And in the event that a warranty is breached, the insurer’s liability will be suspended rather than discharged. If the insured can rectify the breach, cover is restored. Where a warranty or other term has been breached, an insurer will not be able to decline continued cover if the insured can prove that there was no causative connection between the breach and the loss.

Having thus been described as “the biggest reform to insurance contract law in more than a century”, bosses are now being warned to ensure they do not “fall foul” of the Insurance Act in advance.

While the disclosure duties on policyholders are lessened, and the remedies for breaches are now proportionate, a few uncertain elements remain. According to Stuart Bennett, director of Quote Dave, one such grey area is what should be disclosed when a business is taking out or renewing an insurance policy. 

“The Act creates what is known as a new ‘duty of fair presentation’ aimed at ensuring that facts are disclosed in advance of any premium being set,” he said. “By disclosing anything you think may be relevant, no matter how small, at the outset, the worst that can happen is a business’s premium might go up or even that an insurer may refuse cover. This is far better than not disclosing everything it should have done only to find that an insurer will not pay out in the event of a claim being made.

“In my experience, insurers take a more relaxed view when there is the possibility of obtaining some business than they do when they might be paying out for a claim. This is the biggest change to insurance contract law for over 100 years, but the vast majority of SMEs will still be completely in the dark about the obligations they face.”
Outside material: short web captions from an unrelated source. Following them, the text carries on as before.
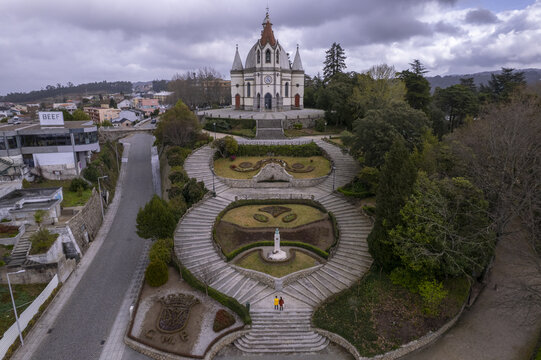 Aerial view of the Sameiro Garden and the Sanctuary of Sameiro featuring ornate stone staircases, manicured lawns, and a historic church in Penafiel, Porto, Portugal.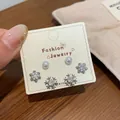 Three-pair silver snowflake earring set with micro-set zircon and white pearls - Full Zirconia Pearl Snowflake Earring Set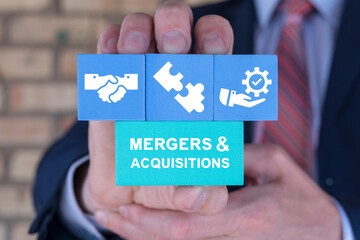 Business man holding blocks with icons sees text: MERGERS AND ACQUISITIONS. Concept of business mergers and acquisitions development model. Share acquisition, asset business acquisition, amalgamation.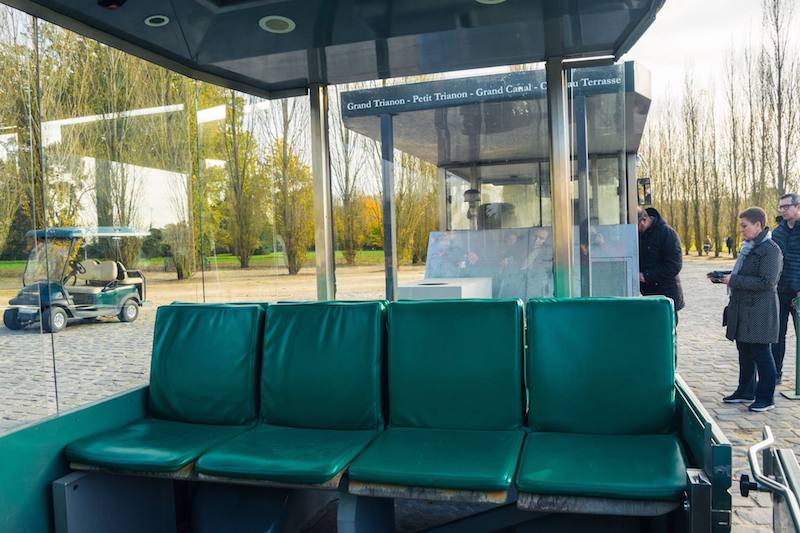 Tram on the grounds of Versailles. Read tips for seeing the grounds of Versailles and visiting Versailles. 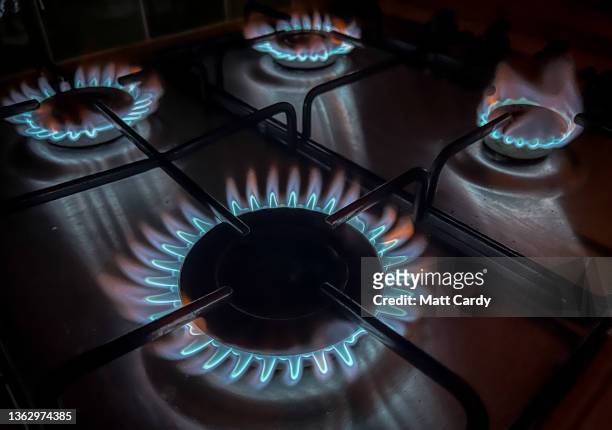 In this photo illustration gas burns on the hob of a domestic cooker in kitchen in a residential property on January 1, 2022 in Bristol, England. The...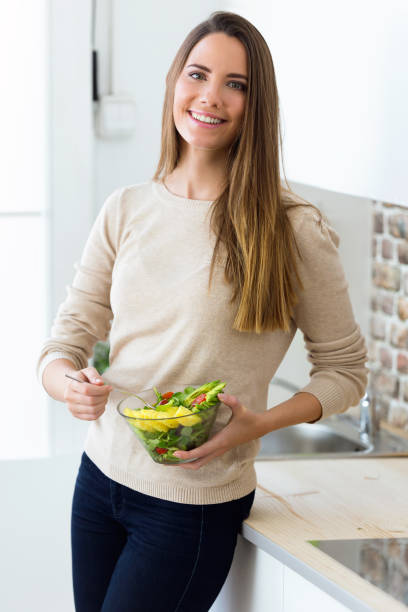 istock Beautiful young woman eating fruit salad in the kitchen. 866940198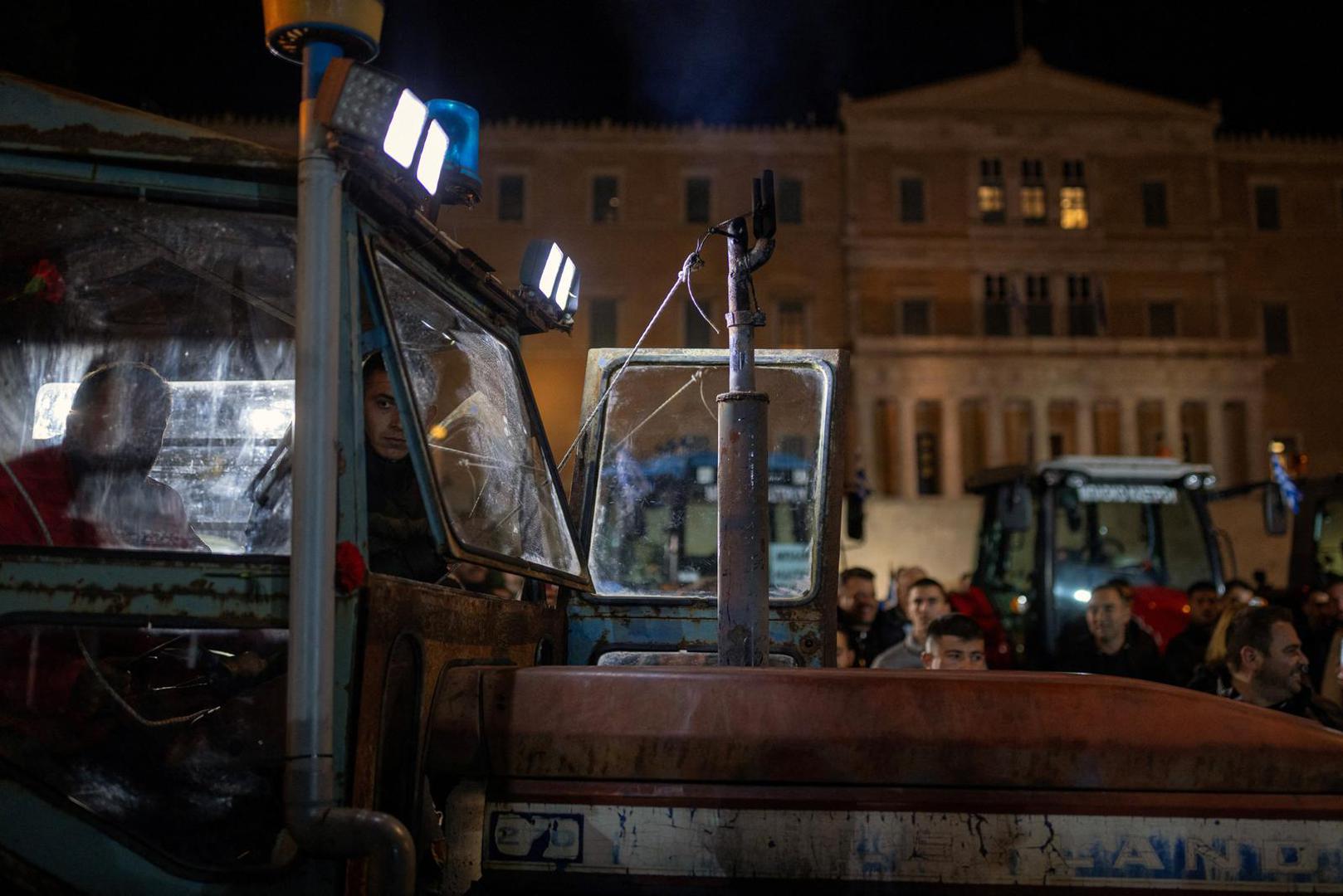 Greek farmers on a tractor take part in a protest over rising energy costs and competition from imports, in front of the parliament building in Athens, Greece, February 20, 2024. REUTERS/Alkis Konstantinidis Photo: Alkis Konstantinidis/REUTERS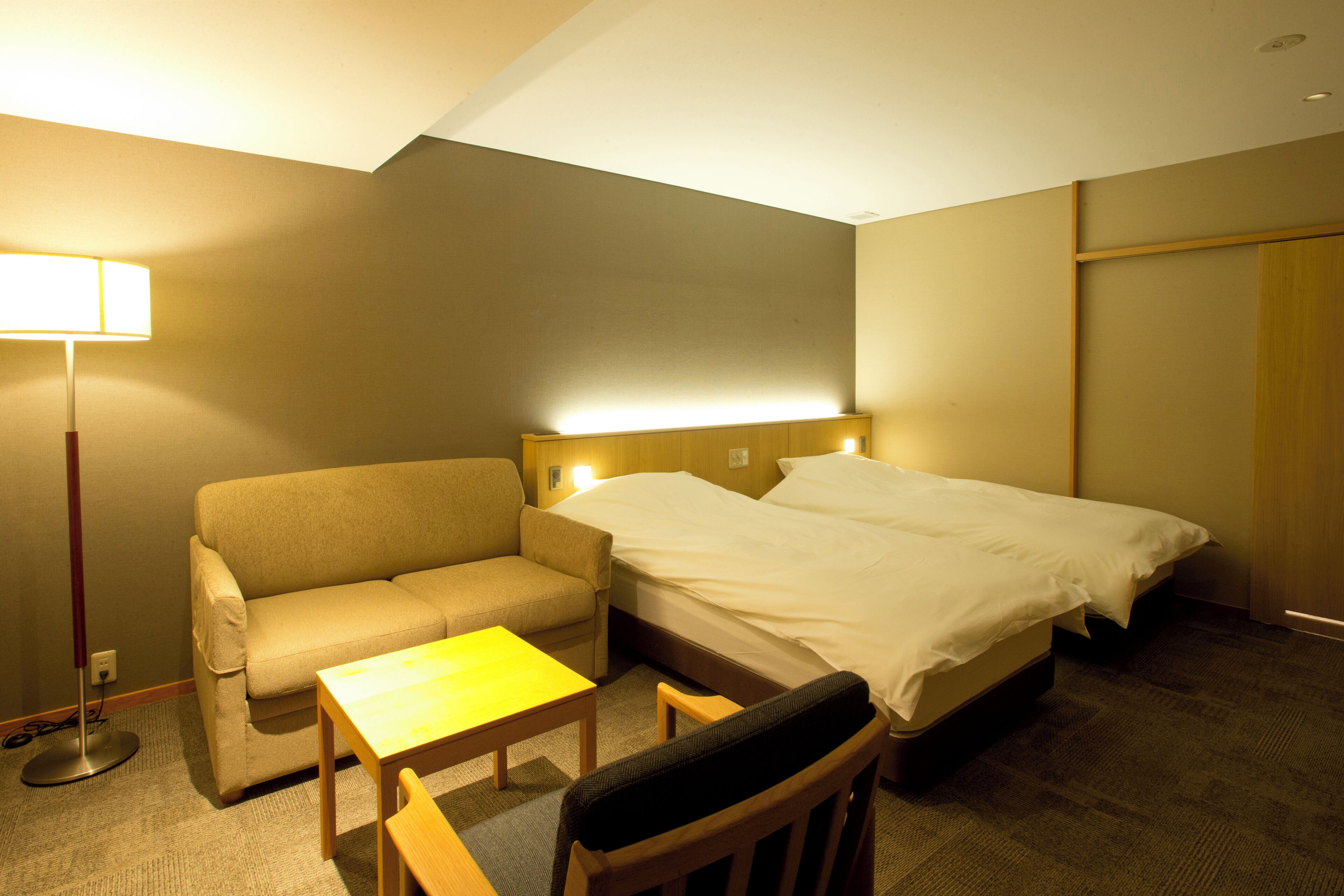 A hotel room with a sofa, a single bed, a small table, and a chair.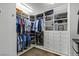 Organized walk-in closet with custom shelving, drawers, and ample hanging space for clothes and accessories at 2001 Alcova Ridge Dr, Las Vegas, NV 89135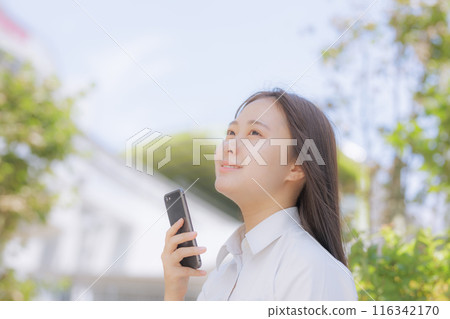 A high school girl sitting in the street and using a smartphone 116342170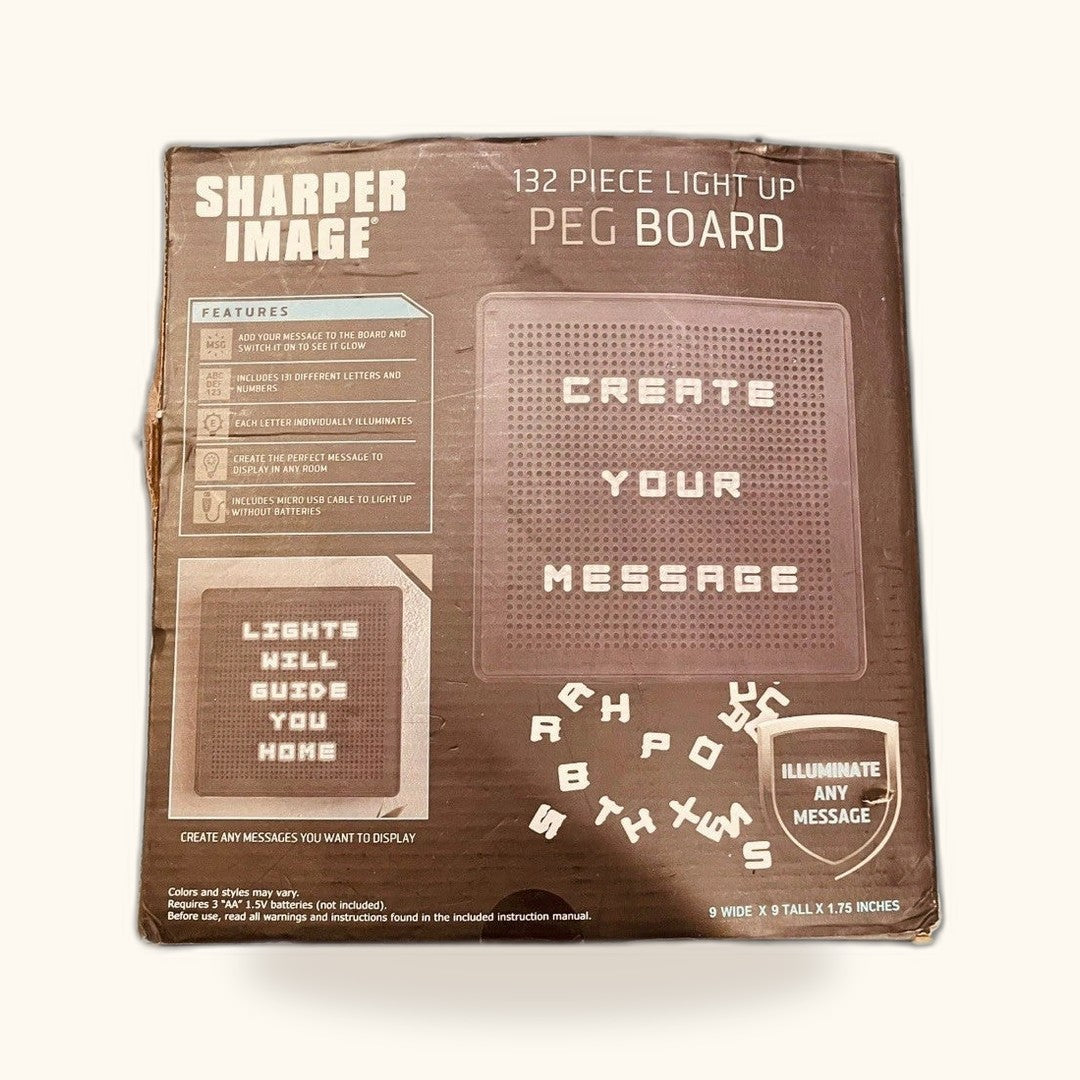 Tablero de mensajes luminoso Sharper Image, 132 piezas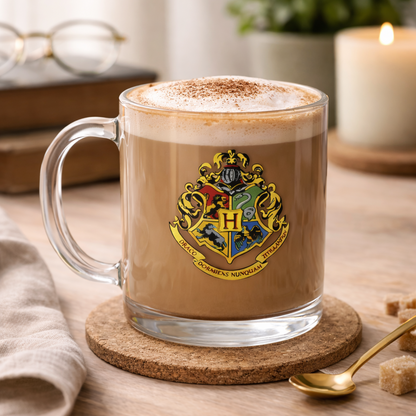 Glass mug with a Harry Potter logo filled with a hot beverage on a wooden table.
He added: “Due to consolidation in the insurance sector, SMEs are finding it increasingly hard to get the personal advice and guidance they need to be able to make informed decisions about their insurance. In order to avoid falling foul of the Insurance Act it is really important that SME bosses are fully aware of the implications for them if they are to ensure they have the right insurance in place to protect their businesses and their employees when they need it most.”